** Records shown follows **

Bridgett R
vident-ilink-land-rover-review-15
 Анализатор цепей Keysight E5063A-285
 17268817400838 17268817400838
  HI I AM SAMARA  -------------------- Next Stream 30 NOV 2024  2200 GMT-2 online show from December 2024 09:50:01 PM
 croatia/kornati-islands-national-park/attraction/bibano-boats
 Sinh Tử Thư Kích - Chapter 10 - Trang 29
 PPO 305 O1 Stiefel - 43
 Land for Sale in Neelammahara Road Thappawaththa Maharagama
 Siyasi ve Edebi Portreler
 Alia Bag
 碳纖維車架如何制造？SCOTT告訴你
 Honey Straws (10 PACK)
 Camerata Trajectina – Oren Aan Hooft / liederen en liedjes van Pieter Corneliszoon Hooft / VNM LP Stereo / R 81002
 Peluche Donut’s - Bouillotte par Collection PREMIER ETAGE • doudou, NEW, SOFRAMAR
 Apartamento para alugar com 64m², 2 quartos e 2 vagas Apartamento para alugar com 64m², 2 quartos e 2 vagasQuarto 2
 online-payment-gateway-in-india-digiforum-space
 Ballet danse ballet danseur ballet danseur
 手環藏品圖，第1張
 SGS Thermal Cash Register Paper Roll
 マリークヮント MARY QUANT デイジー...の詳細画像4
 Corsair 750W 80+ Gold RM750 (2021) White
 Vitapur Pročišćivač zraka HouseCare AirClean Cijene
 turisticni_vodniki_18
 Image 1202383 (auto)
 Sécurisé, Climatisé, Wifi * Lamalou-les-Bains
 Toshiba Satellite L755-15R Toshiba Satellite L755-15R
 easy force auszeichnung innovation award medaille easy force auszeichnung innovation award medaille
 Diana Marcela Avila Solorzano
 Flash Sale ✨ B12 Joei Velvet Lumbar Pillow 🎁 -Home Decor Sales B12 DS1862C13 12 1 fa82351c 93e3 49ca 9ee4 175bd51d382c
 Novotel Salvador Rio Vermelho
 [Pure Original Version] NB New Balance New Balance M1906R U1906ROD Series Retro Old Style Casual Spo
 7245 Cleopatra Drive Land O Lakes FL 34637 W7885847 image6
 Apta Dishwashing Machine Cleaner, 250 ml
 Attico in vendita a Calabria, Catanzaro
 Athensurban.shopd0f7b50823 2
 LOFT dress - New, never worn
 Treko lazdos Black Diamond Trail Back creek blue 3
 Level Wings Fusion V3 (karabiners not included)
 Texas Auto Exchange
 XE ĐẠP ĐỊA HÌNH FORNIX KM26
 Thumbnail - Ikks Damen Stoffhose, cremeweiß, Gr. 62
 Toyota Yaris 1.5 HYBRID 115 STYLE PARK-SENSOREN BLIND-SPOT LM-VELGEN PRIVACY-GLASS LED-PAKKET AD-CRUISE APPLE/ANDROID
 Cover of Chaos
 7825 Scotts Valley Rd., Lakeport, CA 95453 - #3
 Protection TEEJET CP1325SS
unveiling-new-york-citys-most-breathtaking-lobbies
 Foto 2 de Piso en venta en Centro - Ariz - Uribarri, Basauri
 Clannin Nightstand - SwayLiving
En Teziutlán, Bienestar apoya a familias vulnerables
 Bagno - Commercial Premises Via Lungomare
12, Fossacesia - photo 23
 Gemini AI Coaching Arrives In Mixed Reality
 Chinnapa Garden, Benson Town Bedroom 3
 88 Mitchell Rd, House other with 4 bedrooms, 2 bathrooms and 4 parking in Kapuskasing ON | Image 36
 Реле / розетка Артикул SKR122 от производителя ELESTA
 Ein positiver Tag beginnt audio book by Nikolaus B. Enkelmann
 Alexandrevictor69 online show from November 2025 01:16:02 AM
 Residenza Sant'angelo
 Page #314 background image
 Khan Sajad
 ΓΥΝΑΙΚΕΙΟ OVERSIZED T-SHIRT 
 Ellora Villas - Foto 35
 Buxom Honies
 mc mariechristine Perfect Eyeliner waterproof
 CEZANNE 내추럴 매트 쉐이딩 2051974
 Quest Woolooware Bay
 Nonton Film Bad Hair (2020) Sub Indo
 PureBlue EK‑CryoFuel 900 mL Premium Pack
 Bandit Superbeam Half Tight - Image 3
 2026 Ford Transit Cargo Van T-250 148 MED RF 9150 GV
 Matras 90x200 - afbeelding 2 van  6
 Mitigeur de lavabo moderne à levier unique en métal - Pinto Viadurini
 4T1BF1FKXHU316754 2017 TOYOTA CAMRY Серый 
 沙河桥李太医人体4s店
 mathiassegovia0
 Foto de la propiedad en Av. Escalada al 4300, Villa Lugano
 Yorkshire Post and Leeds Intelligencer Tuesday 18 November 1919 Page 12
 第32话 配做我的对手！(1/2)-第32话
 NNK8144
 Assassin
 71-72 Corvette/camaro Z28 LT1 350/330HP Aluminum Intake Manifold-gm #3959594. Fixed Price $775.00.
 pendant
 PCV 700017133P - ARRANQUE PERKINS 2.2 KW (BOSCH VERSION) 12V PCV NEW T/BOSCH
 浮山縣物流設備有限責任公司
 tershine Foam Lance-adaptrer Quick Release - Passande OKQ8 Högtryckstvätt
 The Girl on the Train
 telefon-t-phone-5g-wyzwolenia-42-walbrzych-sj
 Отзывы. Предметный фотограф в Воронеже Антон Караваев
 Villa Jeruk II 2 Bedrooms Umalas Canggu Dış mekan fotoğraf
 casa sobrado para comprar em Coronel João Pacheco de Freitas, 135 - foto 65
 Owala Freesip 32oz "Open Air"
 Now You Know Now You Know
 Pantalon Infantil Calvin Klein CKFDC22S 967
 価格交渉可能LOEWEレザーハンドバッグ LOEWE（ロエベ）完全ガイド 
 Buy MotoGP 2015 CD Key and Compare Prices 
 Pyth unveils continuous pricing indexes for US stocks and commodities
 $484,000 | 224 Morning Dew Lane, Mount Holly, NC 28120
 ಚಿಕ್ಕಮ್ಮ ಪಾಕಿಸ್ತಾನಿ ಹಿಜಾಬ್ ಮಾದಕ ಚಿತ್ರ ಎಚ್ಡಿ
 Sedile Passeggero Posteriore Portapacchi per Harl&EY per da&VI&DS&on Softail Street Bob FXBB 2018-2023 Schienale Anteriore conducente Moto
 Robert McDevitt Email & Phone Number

** End of Records shown **

Activity:
Look above for the line with "Owala Freesip 32oz", then copy it and each later line exactly, stopping at the last line of the records.

Answer box:
 Owala Freesip 32oz "Open Air"
 Now You Know Now You Know
 Pantalon Infantil Calvin Klein CKFDC22S 967
 価格交渉可能LOEWEレザーハンドバッグ LOEWE（ロエベ）完全ガイド 
 Buy MotoGP 2015 CD Key and Compare Prices 
 Pyth unveils continuous pricing indexes for US stocks and commodities
 $484,000 | 224 Morning Dew Lane, Mount Holly, NC 28120
 ಚಿಕ್ಕಮ್ಮ ಪಾಕಿಸ್ತಾನಿ ಹಿಜಾಬ್ ಮಾದಕ ಚಿತ್ರ ಎಚ್ಡಿ
 Sedile Passeggero Posteriore Portapacchi per Harl&EY per da&VI&DS&on Softail Street Bob FXBB 2018-2023 Schienale Anteriore conducente Moto
 Robert McDevitt Email & Phone Number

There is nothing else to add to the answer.